Dai terribili massacri del 7 ottobre 2023, nessun giornalista straniero è stato autorizzato a entrare nella Striscia di Gaza. L’esercito israeliano sta prendendo di mira i civili.
Più di 200 giornalisti sono stati uccisi deliberatamente. Scrittori, registi e artisti vengono brutalmente assassinati.
Alla fine di marzo, il regista palestinese Hamdan Ballal, vincitore di un Oscar per il suo film “No Other Land”, è stato brutalmente aggredito da coloni israeliani e poi rapito dall’esercito, prima di essere rilasciato sotto la pressione internazionale.
La mancanza di sostegno da parte dell’Academy degli Oscar ad Hamdan Ballal ha suscitato indignazione tra i suoi stessi membri, costringendola a scusarsi pubblicamente per la sua inattività.
Ci vergogniamo di questa passività.
Perché il cinema, fucina di opere socialmente impegnate, sembra così indifferente all’orrore della realtà e all’oppressione subita dai nostri fratelli e sorelle?

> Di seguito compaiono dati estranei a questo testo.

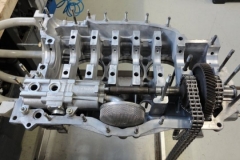 porsche_964_3.8l_rs_motor (39)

In quanto artisti e operatori culturali, non possiamo restare in silenzio mentre a Gaza si sta consumando un genocidio e questa notizia indicibile sta colpendo duramente le nostre comunità.
A cosa serve la nostra professione se non a trarre lezioni dalla storia, a realizzare film impegnati, se non siamo presenti per proteggere le voci oppresse?
Perché questo silenzio?
L’estrema destra, il fascismo, il colonialismo, i movimenti anti-trans e anti-LGBTQIA+, sessisti, razzisti, islamofobi e antisemiti stanno combattendo la loro battaglia sul campo di battaglia delle idee, attaccando l’editoria, il cinema e le università, ed è per questo che abbiamo il dovere di lottare.
Rifiutiamoci di permettere che la nostra arte diventi complice del peggio.
Alziamoci.
Diamo un nome alla realtà.
Osiamo tutti insieme guardarlo con la precisione del nostro cuore sensibile, affinché non possa più essere messo a tacere e nascosto.
Rifiutiamo la propaganda che colonizza costantemente la nostra immaginazione e ci fa perdere il senso di umanità.
Per Fatma, per tutti coloro che muoiono nell’indifferenza.
Il cinema ha il dovere di veicolare i loro messaggi, di riflettere le nostre società.
Agiamo prima che sia troppo tardi.

Il numero e il profilo dei firmatari – da registi premi Oscar come Alfonso Cuarón e David Cronenberg, a interpreti iconici come Mark Ruffalo, Ralph Fiennes, Cynthia Nixon, Viggo Mortensen e tanti altri – mostrano quanto la questione sia sentita e condivisa tra le fila di chi fa cinema.
Non mancano artisti italiani come Giuseppe Tornatore, Alessandro Gassmann, Paolo Virzì, Gabriele Muccino, Laura Morante, Isabella Ferrari, Valerio Mastrandrea e Adriano Giannini.
In un’epoca in cui il dibattito politico penetra profondamente nell’arte, la scelta di pubblicare una lettera così esplicita durante Cannes segna un momento cruciale.
Resta da vedere se l’industria saprà raccogliere l’appello e trasformare questo gesto in un impegno concreto, anche sul piano produttivo e distributivo, per dare voce a chi viene sistematicamente ridotto al silenzio.